Exact copies of the lines from the one with "Why ChatGPT Is" through the last line of the entries, and no pictures, make up the answer.
[Source material — start]
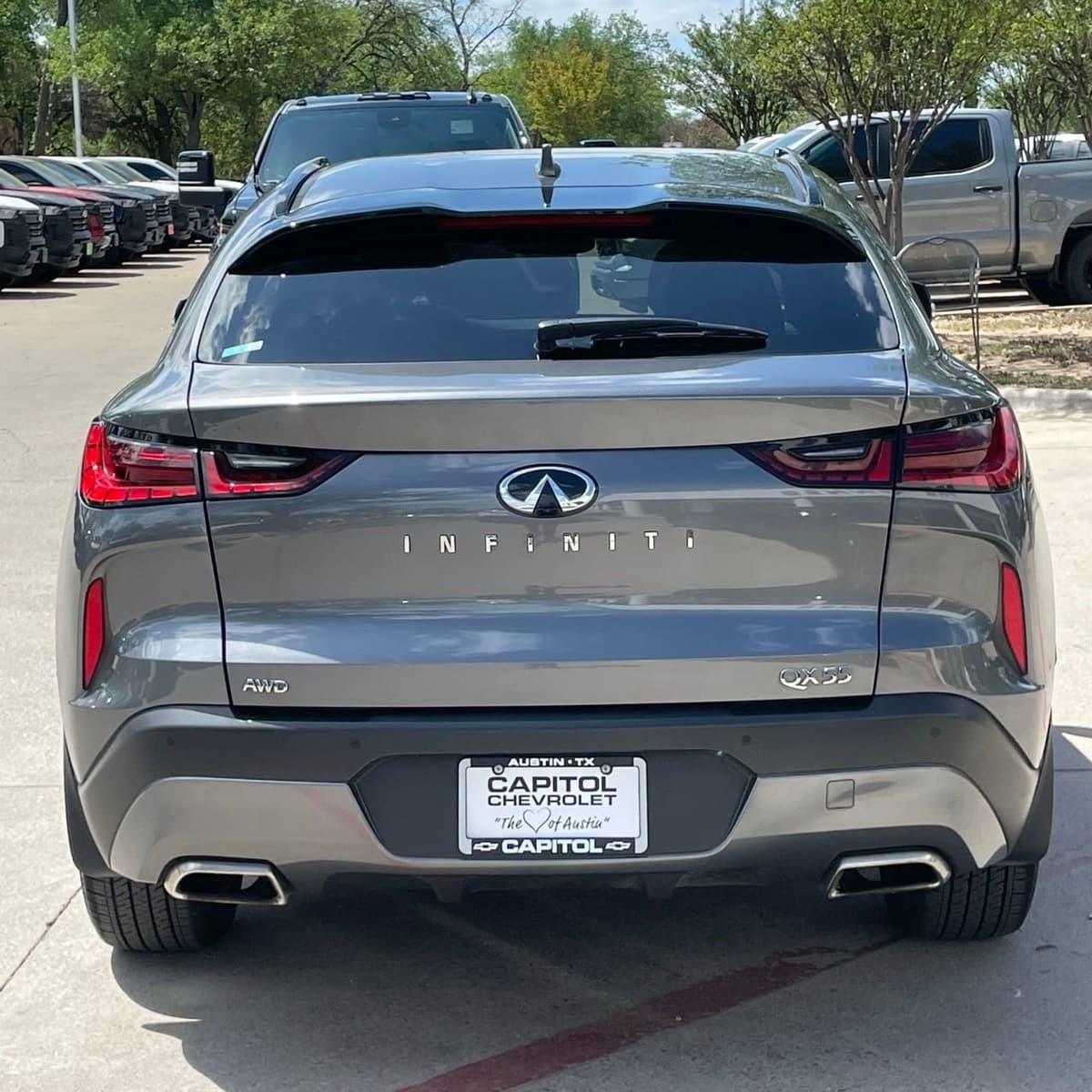 2023 INFINITI QX55 - Image 5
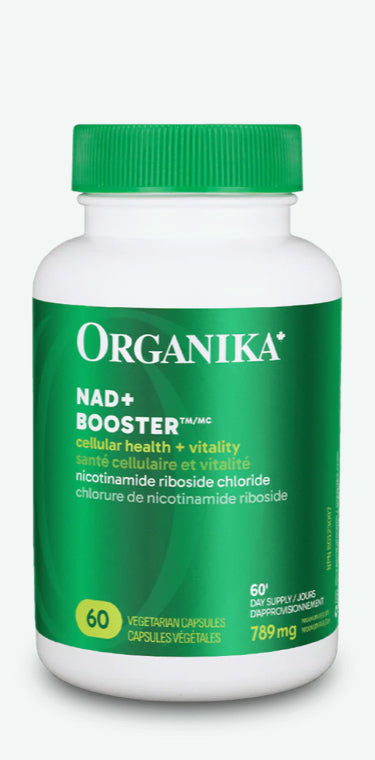 Organika NAD + Booster 789mg - 60 Capsules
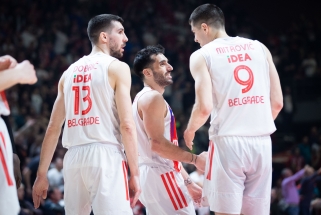 Campazzo vedama "Crvena Zvezda" sutriuškino nukraujavusius čempionus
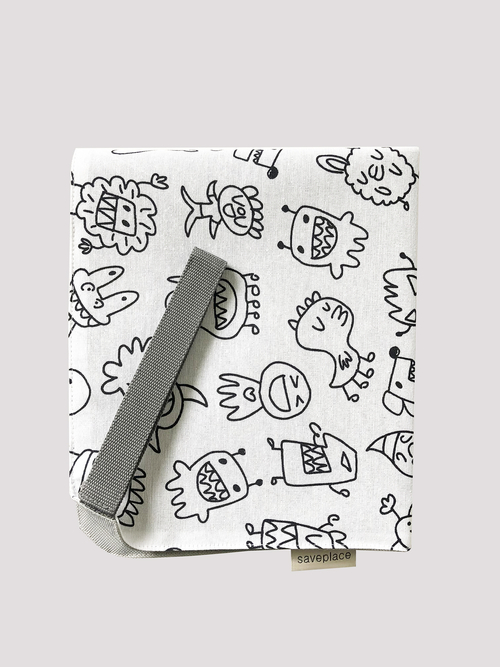 FUNNY MONSTERS Saveplace® chair/table hammock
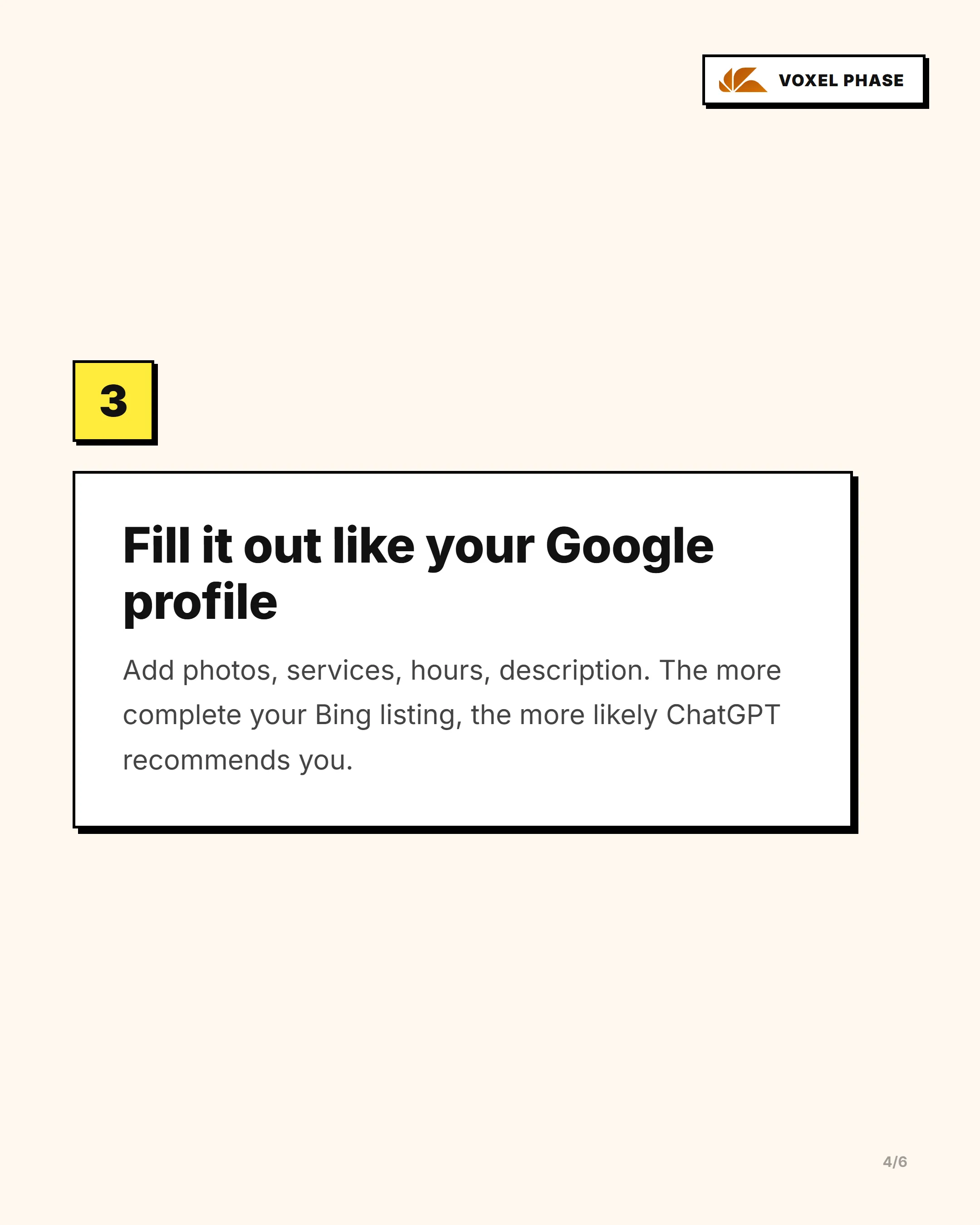 Why ChatGPT Is Ignoring Your Business: slide 4 of 5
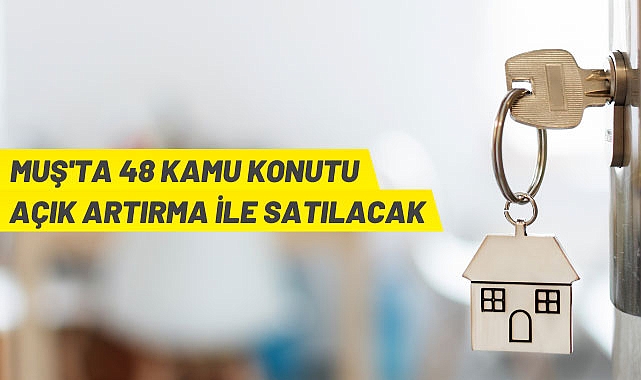 KAMU KONUTU SATIŞI İHALESİ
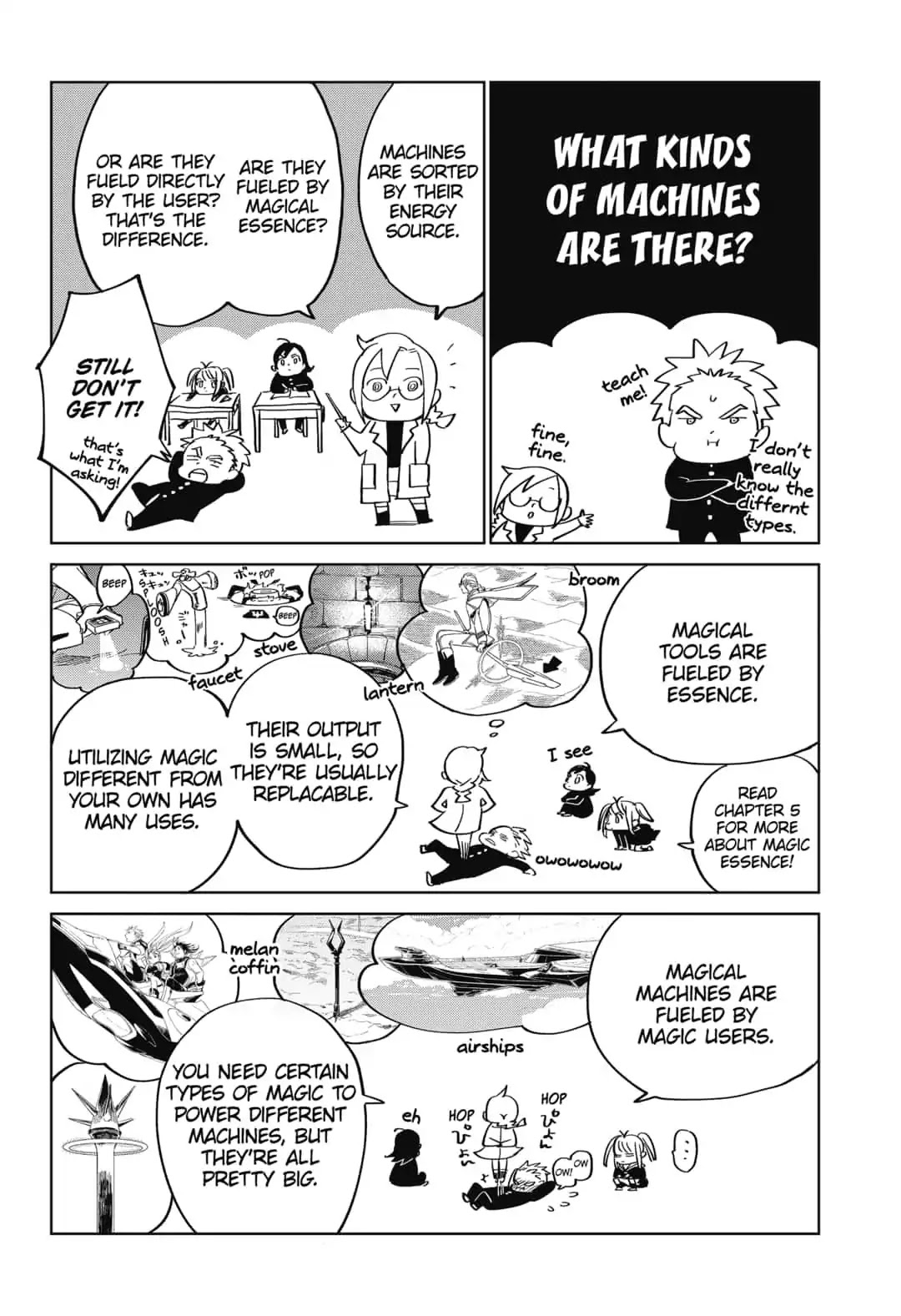 The Sign of Abyss Chapter 26.5 page 2 - Chapter ex: Extra 8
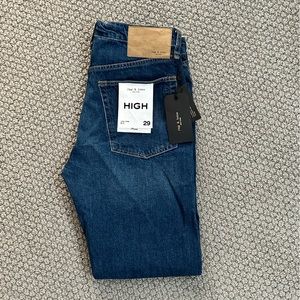 NWT rag & bone maya high rise slim size 29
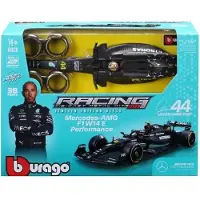 Bburago 1:24 mittakaavassa surenkamas automodelis F1 Mercedes-AMG F1 W14 E Performance, 18-25810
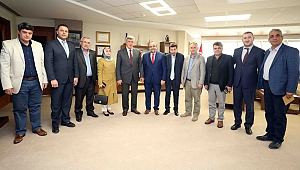 Karaosmanoğlu, “Geleceğin Türkiye'sini inşa ediyoruz”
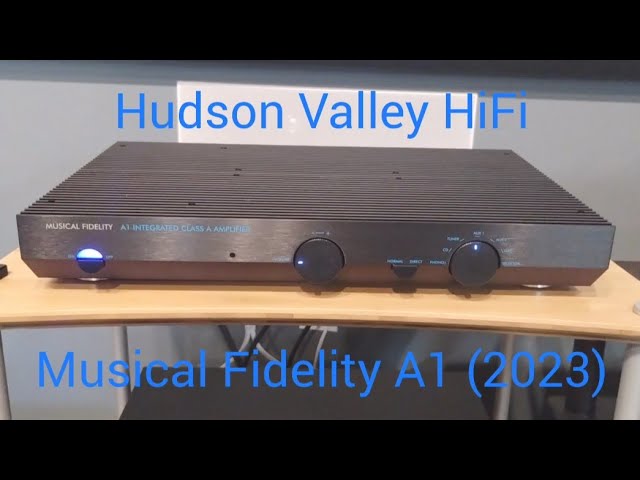 Musical Fidelity A1 Amplifier Overview and Features - YouTube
[Source material — finish]
# [Output of the exercise]
 Why ChatGPT Is Ignoring Your Business: slide 4 of 5
 KAMU KONUTU SATIŞI İHALESİ
 The Sign of Abyss Chapter 26.5 page 2 - Chapter ex: Extra 8
 NWT rag & bone maya high rise slim size 29
 Bburago 1:24 mittakaavassa surenkamas automodelis F1 Mercedes-AMG F1 W14 E Performance, 18-25810
 Karaosmanoğlu, “Geleceğin Türkiye'sini inşa ediyoruz”
 Musical Fidelity A1 Amplifier Overview and Features - YouTube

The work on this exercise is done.